The Portland headquarters of online banking startup Simple feature an open office plan, Ping-Pong tables, and kegs of beer and Stumptown cold brew.
But, according to CEO Josh Reich, this isn't what makes Simple a good place to work.
There's a prevalent but incorrect idea that "If you dress up in the accoutrements of a startup you'll suddenly become hip and cool," said Reich, speaking at TechfestNW Tuesday morning.
Simple is a model for startup success. The company, founded in Brooklyn in 2009, offers online banking, surcharge-free ATM use, and a fiscal discipline tool called Safe To Spend.
Now, Simple boasts more than 100,000 customers and more than $1 billion worth of yearly transactions.
But when as startups reach a certain level of success, they have to contend with new challenges, such necessity of growth and acquisition by larger companies.

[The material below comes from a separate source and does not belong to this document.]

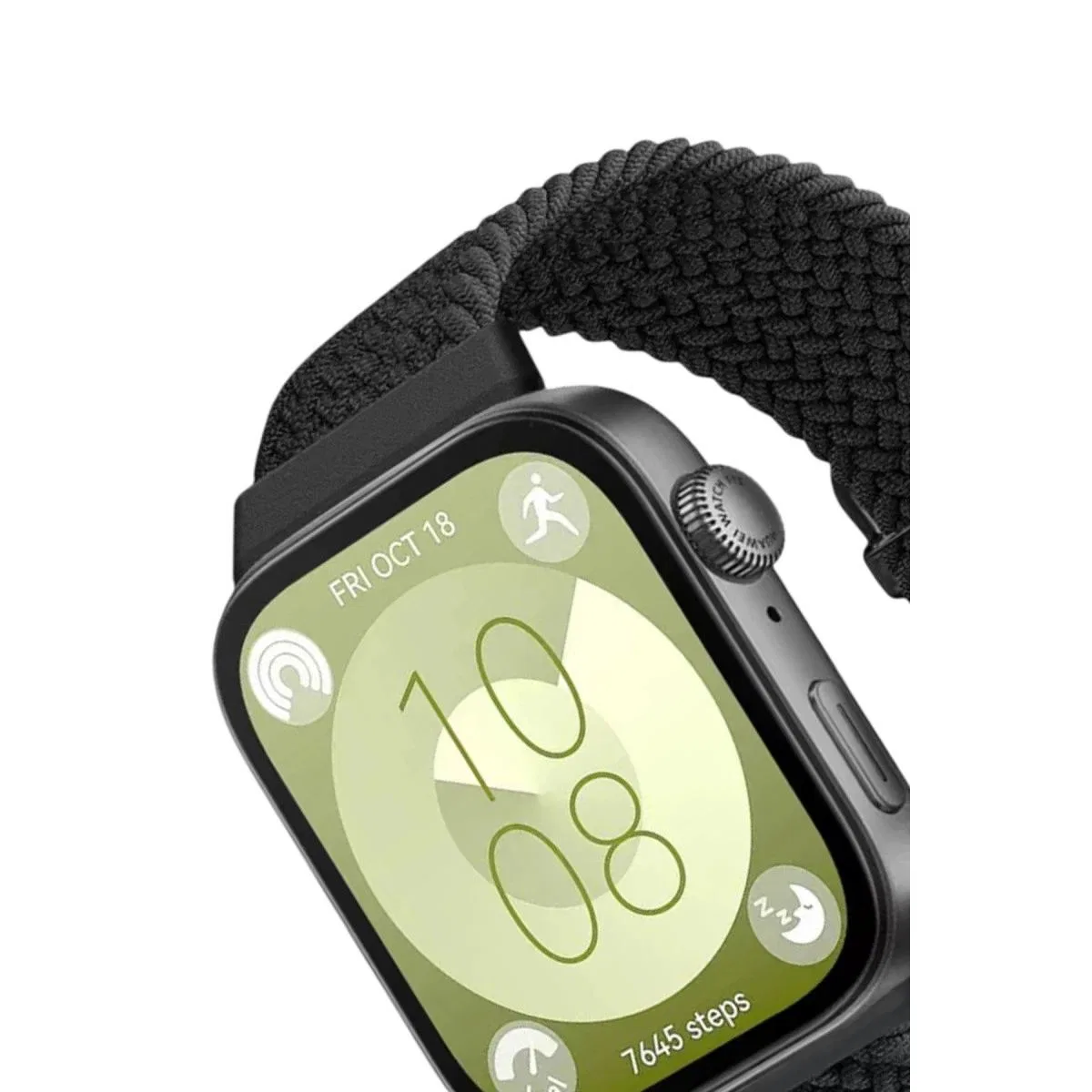 Huawei Fit 4 Kordon (saat Değildir) - Siyah görsel 2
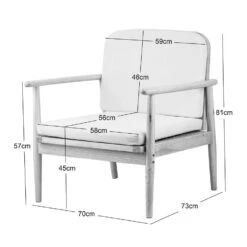 Fauteuil Van Massief Hout En Terracotta Stof 14 Fauteuil Van Massief Hout En Terracotta Stof -LeenBakker Winkel ef90e06a656e446cb09a97a3d24c1236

The question, said Reich, is how to maintain the company's quality, values, and culture through these changes.
"We set very clear goals as a company," Reich said. If a company has an environment with high employee agency and autonomy but no shared values, he said, "it becomes anarchy."
Two years ago, Simple was bought by European banking giant BBVA for $117 million. But Reich maintained that Simple's values are still priority one.
"If there's a threat to changing how we operate, we can push back," Reich said.
These same values are what drove Simple to Portland in the first place.
"We didn't want to become a New York financial services company," Reich said.